Could the listing below be returned exactly, with its pictures left out?
Data segment section start
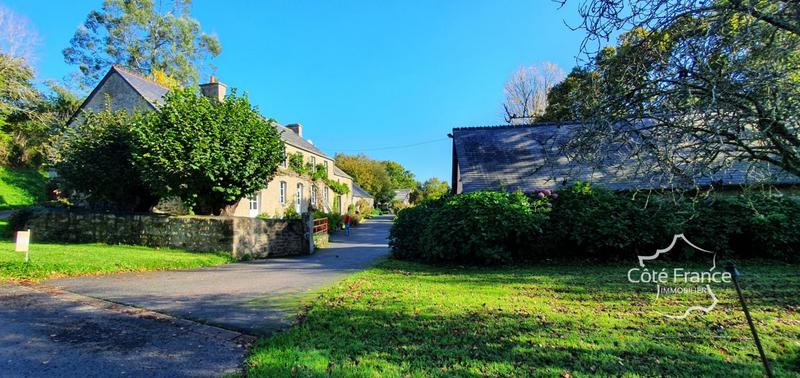 Propriété - 200 m² - 8 pièces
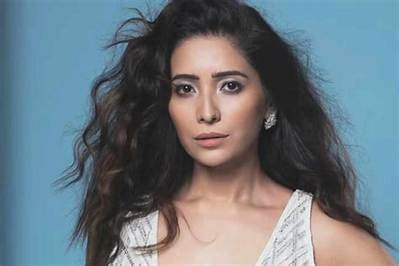 Asha Vivian - Net Worth, Age, Height, Birthday, Bio, Wiki!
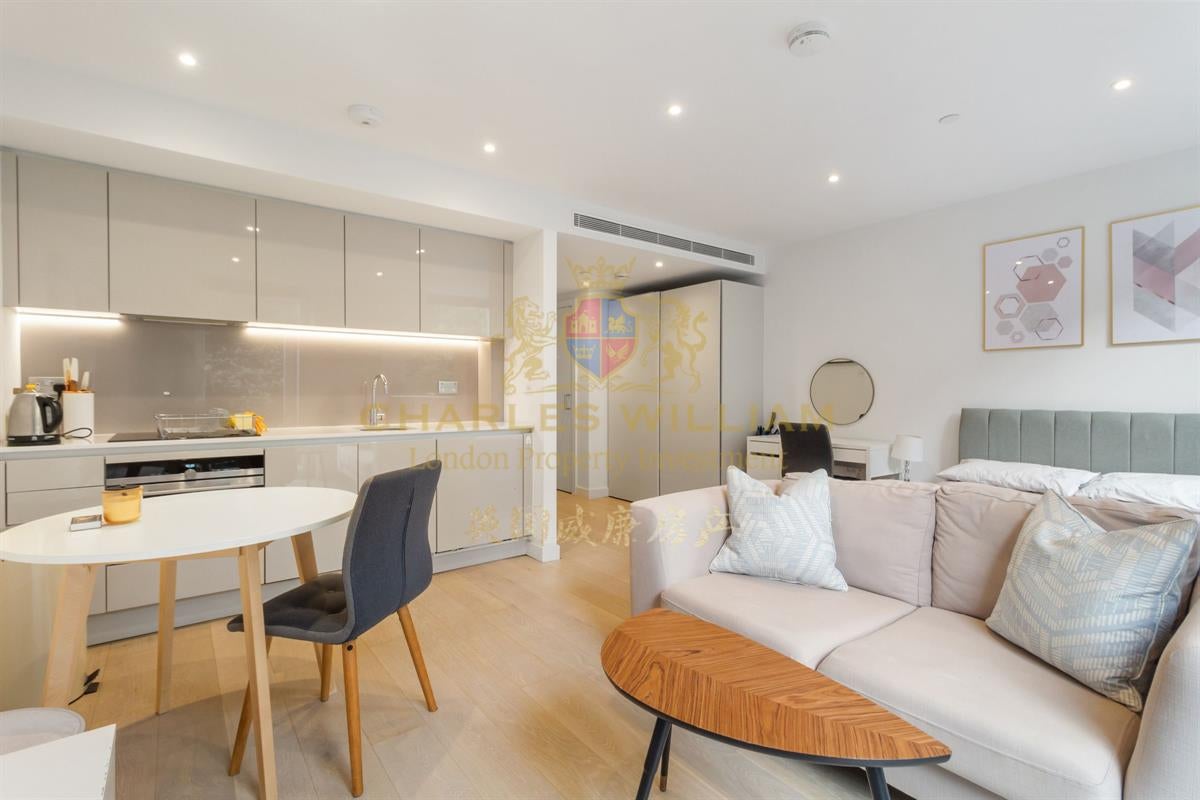 Flat Albion Place in Greater London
Data segment section end
(Task response):
 Propriété - 200 m² - 8 pièces
 Asha Vivian - Net Worth, Age, Height, Birthday, Bio, Wiki!
 Flat Albion Place in Greater London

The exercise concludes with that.